TASK DETAILS: Although the data below holds other lines too, output only those from the line with "Pale Rome |" up to and including the line with "Daisy Espresso-/ Dark", exactly as they appear.

(Beginning of MATERIAL PROVIDED)

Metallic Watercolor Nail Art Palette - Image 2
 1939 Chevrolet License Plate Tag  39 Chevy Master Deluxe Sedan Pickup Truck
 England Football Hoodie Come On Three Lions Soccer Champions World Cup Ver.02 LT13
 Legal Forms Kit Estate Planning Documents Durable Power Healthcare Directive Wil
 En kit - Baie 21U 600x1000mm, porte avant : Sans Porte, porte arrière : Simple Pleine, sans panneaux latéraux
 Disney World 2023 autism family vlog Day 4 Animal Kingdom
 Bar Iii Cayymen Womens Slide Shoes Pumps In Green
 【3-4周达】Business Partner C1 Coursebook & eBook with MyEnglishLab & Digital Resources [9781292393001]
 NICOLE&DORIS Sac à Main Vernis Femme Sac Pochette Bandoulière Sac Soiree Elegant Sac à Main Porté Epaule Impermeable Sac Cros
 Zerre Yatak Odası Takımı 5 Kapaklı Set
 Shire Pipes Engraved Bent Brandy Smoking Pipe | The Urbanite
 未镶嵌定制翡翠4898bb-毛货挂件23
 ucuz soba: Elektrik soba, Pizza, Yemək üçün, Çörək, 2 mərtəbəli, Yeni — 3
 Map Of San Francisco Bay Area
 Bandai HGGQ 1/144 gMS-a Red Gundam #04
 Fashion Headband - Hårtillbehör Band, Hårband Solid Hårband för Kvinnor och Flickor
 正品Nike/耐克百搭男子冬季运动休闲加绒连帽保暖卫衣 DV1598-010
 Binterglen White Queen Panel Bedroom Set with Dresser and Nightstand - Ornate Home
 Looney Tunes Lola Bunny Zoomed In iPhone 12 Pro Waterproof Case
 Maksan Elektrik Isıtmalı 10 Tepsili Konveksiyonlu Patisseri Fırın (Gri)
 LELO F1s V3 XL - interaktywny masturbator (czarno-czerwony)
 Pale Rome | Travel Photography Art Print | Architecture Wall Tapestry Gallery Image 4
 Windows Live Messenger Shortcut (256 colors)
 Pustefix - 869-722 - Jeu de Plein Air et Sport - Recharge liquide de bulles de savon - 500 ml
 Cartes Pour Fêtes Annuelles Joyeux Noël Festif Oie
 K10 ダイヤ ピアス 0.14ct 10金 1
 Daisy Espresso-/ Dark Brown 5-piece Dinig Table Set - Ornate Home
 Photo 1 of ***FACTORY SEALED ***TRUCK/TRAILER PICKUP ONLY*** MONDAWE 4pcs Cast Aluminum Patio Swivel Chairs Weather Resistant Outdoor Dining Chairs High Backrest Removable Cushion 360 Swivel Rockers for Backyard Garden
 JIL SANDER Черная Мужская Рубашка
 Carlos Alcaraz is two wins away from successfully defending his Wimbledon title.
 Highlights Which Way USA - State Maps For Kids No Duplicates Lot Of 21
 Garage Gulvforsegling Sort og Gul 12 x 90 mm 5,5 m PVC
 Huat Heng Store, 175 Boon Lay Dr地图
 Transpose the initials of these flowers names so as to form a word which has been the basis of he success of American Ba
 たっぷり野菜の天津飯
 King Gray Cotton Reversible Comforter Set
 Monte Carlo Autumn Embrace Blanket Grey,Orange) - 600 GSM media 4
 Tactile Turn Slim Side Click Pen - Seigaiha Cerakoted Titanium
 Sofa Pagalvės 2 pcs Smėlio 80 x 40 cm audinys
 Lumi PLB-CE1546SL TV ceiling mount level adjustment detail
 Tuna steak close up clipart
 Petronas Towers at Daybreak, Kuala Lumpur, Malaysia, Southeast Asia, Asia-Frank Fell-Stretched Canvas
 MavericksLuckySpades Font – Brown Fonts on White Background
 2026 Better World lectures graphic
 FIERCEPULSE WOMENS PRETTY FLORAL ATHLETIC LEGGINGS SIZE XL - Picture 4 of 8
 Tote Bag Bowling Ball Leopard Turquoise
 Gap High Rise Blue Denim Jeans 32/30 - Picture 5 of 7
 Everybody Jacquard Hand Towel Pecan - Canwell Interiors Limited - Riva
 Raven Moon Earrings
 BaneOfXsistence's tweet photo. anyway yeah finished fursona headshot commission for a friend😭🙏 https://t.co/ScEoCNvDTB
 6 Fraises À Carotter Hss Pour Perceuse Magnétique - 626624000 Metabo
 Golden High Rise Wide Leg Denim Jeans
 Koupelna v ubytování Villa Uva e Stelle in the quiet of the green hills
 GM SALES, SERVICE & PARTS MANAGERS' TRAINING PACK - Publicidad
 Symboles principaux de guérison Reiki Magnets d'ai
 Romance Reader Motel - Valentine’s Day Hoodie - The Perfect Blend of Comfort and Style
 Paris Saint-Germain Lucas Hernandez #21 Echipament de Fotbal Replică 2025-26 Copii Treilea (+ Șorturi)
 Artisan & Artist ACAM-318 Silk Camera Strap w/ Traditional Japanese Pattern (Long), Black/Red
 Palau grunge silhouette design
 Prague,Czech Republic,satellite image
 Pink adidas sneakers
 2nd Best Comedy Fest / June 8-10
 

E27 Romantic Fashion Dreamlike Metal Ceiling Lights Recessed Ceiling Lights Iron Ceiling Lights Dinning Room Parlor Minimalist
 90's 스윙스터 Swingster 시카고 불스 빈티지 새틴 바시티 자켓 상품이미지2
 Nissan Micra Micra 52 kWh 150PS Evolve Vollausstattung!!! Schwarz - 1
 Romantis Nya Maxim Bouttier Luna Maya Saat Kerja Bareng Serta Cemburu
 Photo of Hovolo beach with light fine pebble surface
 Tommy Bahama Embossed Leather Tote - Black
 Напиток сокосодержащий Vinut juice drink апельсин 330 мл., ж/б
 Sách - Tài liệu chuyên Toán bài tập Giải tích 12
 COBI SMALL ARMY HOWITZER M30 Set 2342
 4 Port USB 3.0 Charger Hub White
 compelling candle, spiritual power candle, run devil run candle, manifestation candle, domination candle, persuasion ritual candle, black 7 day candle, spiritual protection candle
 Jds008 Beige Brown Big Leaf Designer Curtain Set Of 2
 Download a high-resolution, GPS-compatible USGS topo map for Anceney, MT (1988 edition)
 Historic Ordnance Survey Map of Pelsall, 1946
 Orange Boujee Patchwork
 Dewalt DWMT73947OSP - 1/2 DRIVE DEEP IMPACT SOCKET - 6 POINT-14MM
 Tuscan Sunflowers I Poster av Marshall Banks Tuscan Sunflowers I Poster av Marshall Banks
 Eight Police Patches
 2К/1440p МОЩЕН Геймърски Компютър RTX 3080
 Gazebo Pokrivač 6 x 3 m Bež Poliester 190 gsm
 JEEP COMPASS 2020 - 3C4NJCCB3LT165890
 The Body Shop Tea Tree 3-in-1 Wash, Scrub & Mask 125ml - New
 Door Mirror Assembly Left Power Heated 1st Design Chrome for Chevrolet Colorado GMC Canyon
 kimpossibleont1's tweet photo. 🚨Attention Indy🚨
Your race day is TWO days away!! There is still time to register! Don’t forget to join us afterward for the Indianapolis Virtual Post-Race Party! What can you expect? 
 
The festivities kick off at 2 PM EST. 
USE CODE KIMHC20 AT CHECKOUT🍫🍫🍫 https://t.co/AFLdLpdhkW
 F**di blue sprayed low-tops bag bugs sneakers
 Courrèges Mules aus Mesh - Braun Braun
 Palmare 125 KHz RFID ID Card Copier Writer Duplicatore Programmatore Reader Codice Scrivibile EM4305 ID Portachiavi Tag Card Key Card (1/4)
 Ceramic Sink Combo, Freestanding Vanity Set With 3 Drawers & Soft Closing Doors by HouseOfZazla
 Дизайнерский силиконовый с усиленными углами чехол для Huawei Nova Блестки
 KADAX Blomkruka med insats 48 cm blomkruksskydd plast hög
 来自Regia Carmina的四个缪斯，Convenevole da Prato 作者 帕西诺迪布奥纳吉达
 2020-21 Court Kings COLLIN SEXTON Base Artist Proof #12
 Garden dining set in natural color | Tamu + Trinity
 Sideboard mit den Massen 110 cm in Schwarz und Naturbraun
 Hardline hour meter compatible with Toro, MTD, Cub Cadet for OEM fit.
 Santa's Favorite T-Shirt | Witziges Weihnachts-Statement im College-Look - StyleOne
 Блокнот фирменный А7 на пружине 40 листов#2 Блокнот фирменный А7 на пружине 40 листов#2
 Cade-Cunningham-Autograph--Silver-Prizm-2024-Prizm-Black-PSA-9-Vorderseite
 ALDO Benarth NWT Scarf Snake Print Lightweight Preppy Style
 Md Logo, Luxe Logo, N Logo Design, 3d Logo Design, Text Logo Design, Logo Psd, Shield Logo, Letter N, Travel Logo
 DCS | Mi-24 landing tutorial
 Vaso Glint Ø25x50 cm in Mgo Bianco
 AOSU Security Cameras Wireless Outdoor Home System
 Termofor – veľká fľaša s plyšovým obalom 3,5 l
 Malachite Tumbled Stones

(End of MATERIAL PROVIDED)

COMPLETED EXERCISE:
 Pale Rome | Travel Photography Art Print | Architecture Wall Tapestry Gallery Image 4
 Windows Live Messenger Shortcut (256 colors)
 Pustefix - 869-722 - Jeu de Plein Air et Sport - Recharge liquide de bulles de savon - 500 ml
 Cartes Pour Fêtes Annuelles Joyeux Noël Festif Oie
 K10 ダイヤ ピアス 0.14ct 10金 1
 Daisy Espresso-/ Dark Brown 5-piece Dinig Table Set - Ornate Home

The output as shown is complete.